* **DATASET CONTENT**
-=-=-

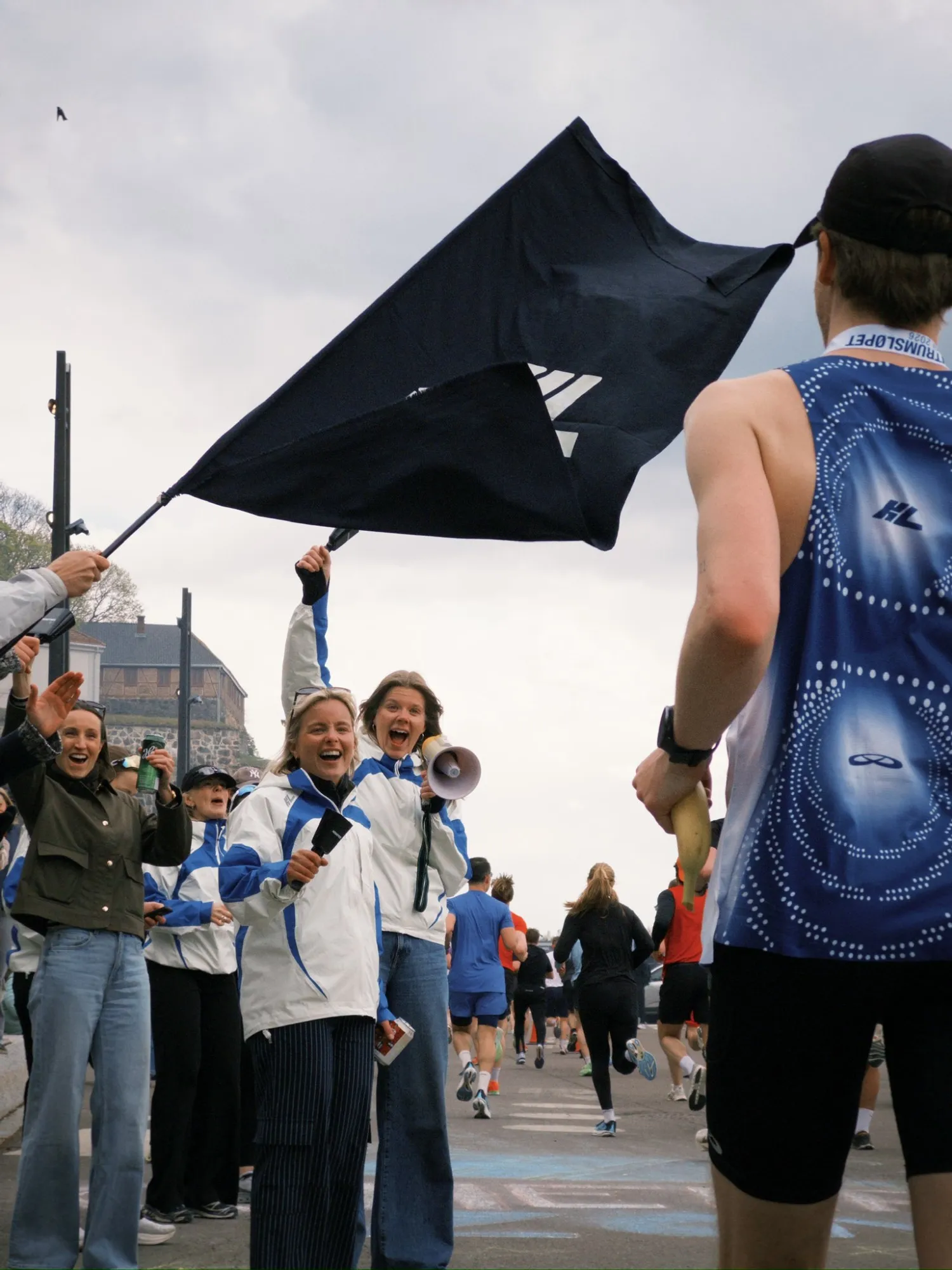 Cheering with the KL flag and megaphone as runners pass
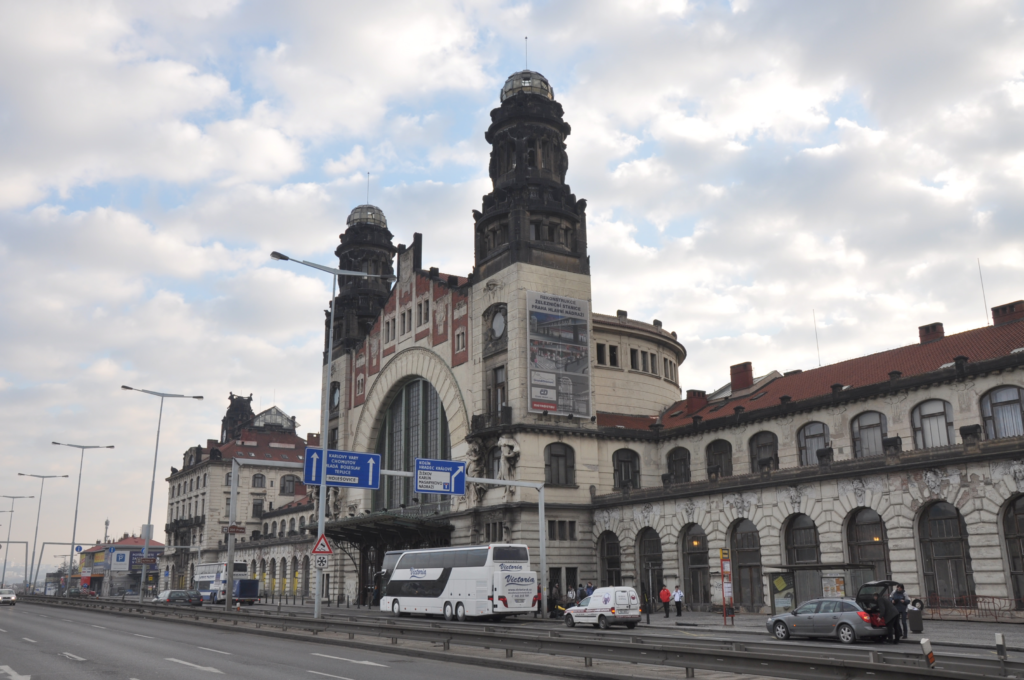 Exterior of Prague Main Station Praha hlavní nádraží with transport connections and train travelers in Prague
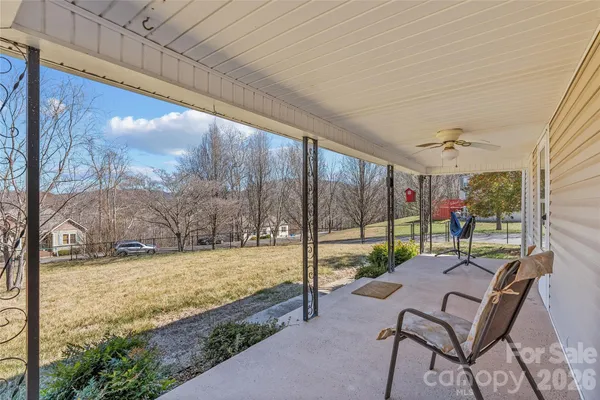 a view of yard with patio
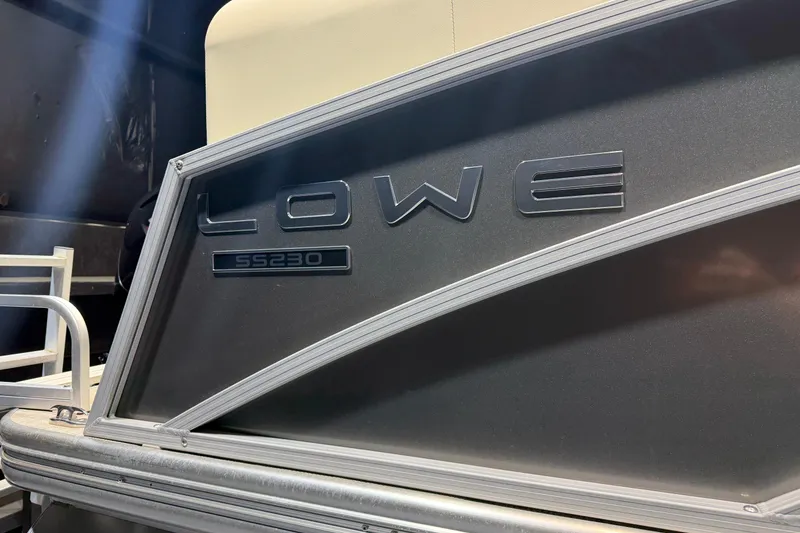 Slide: The Image of 2024 Lowe SS 230 boat side panel with logo and model name. - 5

-=-=-

* **YOUR OBJECTIVE**
The response consists of the data above printed line for line, with no pictures.

* **WRITTEN ANSWER**
 Cheering with the KL flag and megaphone as runners pass
 Exterior of Prague Main Station Praha hlavní nádraží with transport connections and train travelers in Prague
 a view of yard with patio
 Slide: The Image of 2024 Lowe SS 230 boat side panel with logo and model name. - 5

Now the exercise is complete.